■ The task ■
Give the listing below again exactly, but without any of its pictures.

■ Recorded information ■
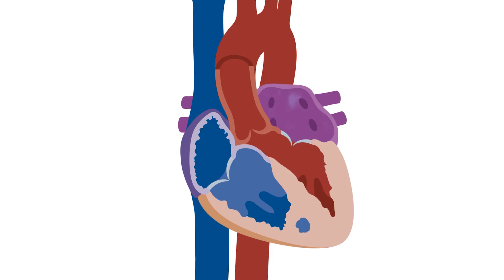Atrial fibrillation is a very common medical condition and it's an irregular heart rhythm. Part of care for atrial fibrillation often includes trying to keep the heart in normal rhythm, and that's often facilitated with a procedure called catheter ablation.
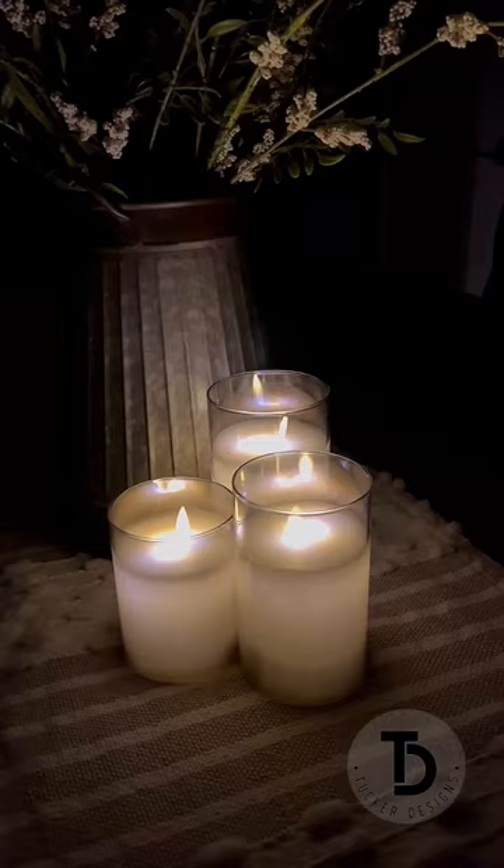You can find these candles in the description below, as well as all the other products I'm featuring in this 30 day challenge.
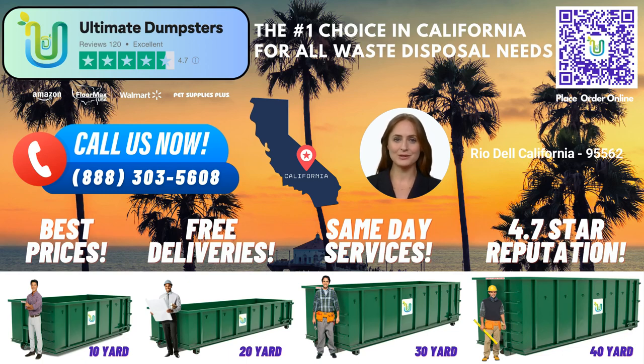Welcome to Ultimate Dumpsters, your trusted source for same-day roll-off dumpster rental services in Rio Del, California. Whether you're working on a residential project, commercial renovation, or a construction site, we've got you covered. Let's explore the benefits of choosing Ultimate Dumpsters for all your waste management needs.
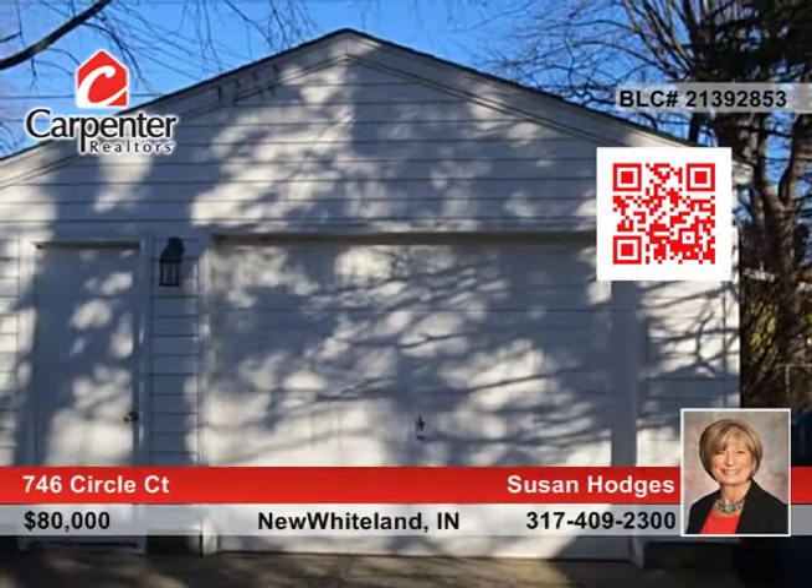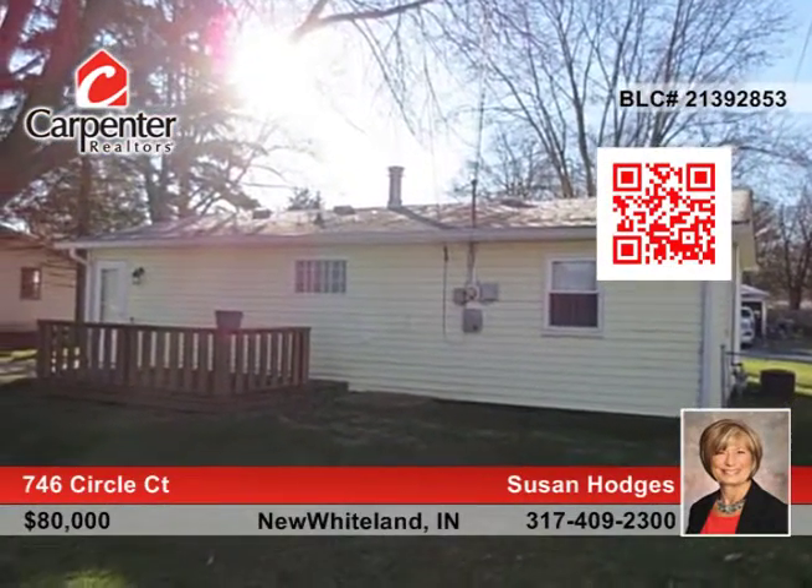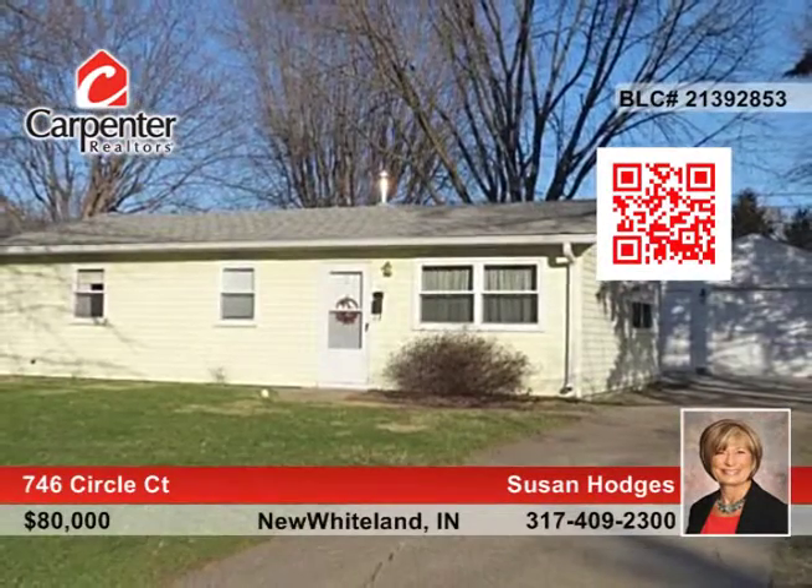The detached one-and-a-half-car garage has a loft for extra storage. Susan Hodges says this home is in a great location near schools, restaurants, and shopping.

■ Result ■
Atrial fibrillation is a very common medical condition and it's an irregular heart rhythm. Part of care for atrial fibrillation often includes trying to keep the heart in normal rhythm, and that's often facilitated with a procedure called catheter ablation.
You can find these candles in the description below, as well as all the other products I'm featuring in this 30 day challenge.
Welcome to Ultimate Dumpsters, your trusted source for same-day roll-off dumpster rental services in Rio Del, California. Whether you're working on a residential project, commercial renovation, or a construction site, we've got you covered. Let's explore the benefits of choosing Ultimate Dumpsters for all your waste management needs.
The detached one-and-a-half-car garage has a loft for extra storage. Susan Hodges says this home is in a great location near schools, restaurants, and shopping.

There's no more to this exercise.